For stable carbon capture utilization and storage, highly-pure CO2 content and low pollutant emissions must be maintained throughout oxy-coal firing operation; however, studies on combining absorbent addition and oxidant staging combustion to eliminate simultaneous nitrogen oxides (NO, N2O) and sulfur dioxide (SO2) have not been reported. Accordingly, the purpose of this study was to investigate the effects of oxidant staging and limestone addition on the reductions of NO, N2O, and SO2 emissions in an oxy-circulating fluidized bed combustor at 25% and 31% input oxygen. The operating parameters considered in this study were: oxidant compositions; corresponding flow rate ratios; primary, secondary, and tertiary oxidants (PO, SO, and TO, respectively); TO supply heights; and limestone addition. The results revealed that compared to the TO supply heights, increasing TO flow rate was more effective at reducing the nitrogen oxide emissions. Under an optimal flow rate ratio (PO:SO:TO = 70:10:20) and TO height (6.4 m), NO, N2O, and SO2 emissions were ≈7.4, 4.2 and 4.1 mg MJ−1, respectively.
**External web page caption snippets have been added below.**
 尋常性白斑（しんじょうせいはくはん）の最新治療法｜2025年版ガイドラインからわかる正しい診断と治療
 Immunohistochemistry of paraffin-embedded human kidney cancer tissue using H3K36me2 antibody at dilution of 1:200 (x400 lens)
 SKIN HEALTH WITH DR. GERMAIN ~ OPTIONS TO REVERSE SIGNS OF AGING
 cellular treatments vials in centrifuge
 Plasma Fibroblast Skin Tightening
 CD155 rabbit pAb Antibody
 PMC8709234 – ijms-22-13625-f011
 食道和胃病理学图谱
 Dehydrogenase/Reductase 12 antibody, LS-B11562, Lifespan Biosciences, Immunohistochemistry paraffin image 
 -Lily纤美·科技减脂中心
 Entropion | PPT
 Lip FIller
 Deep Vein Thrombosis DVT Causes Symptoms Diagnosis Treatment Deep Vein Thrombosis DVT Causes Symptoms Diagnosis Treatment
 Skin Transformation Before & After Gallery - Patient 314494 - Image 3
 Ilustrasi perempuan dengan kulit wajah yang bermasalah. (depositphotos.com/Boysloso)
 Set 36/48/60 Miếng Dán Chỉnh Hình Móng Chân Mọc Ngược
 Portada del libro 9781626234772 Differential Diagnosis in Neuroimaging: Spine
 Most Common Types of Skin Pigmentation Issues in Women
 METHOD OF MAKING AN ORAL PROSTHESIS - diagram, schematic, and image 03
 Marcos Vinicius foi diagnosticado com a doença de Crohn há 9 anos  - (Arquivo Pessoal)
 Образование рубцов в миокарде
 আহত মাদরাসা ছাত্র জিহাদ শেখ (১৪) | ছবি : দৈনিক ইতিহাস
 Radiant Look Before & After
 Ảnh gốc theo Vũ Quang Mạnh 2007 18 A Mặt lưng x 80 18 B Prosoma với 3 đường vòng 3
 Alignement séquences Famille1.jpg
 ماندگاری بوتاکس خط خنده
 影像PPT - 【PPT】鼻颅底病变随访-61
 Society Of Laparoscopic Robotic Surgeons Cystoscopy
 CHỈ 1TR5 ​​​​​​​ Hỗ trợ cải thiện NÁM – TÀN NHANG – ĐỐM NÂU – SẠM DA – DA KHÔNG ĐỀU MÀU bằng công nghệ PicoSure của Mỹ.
The increase in SO2 emission caused by the application of oxidant staging could be effectively decreased by 60.6% without impacting combustion performance via limestone injection into the combustor; effectively facilitating the production of >86 vol% CO2. These findings can serve as valuable references for future designs, and the efficient operation of oxy-coal combustion plants constructed at larger scales, thereby ensuring highly-pure CO2 content and low pollutant emissions.